Je suis sûr qu'elle a dit ça rien que pour m'embêter : elle sait très bien que j'ai un estomac bionique, et que je pourrais digérer des dalles de béton, si un jour j'étais amené à devoir en manger, on sait jamais. Surtout que depuis, sans être hypocondriaque, à chaque comprimé avalé, j'ai l'impression de sentir mes entrailles se liquéfier, et le trou de mon estomac qui grandit, grandit...

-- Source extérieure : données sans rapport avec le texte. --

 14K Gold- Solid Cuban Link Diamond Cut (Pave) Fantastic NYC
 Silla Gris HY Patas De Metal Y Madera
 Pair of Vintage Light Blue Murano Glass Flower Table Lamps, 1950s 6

Quoi qu'il en soit, la fenêtre était passée. J'avais loupé le train pour Plains-moiVille, et je me retrouvais à nouveau coincé dans l'omnibus de Saoule-moi sur Mer. Mais ma maman n'est pas comme ça. Elle entend ce que je lui dis, et a une bonne mémoire. Là par exemple, elle s'est souvenu, juste à temps, que le dentiste chez qui je vais est juste à côté de chez elle : c'est elle qui s'occupe de moi depuis le début, alors je retourne toujours la voir.

- Oh ? Mais ? Tu vas voir le Docteur Àcôté ?

- Ben oui, tu ne lis pas ce que je viens d'écrire sur mon blog, ou quoi ?

- Tu pourras passer me voir en sortant, alors. J'ai toujours la freebox à installer, hein...

Tout est là, pas besoin d'en faire plus.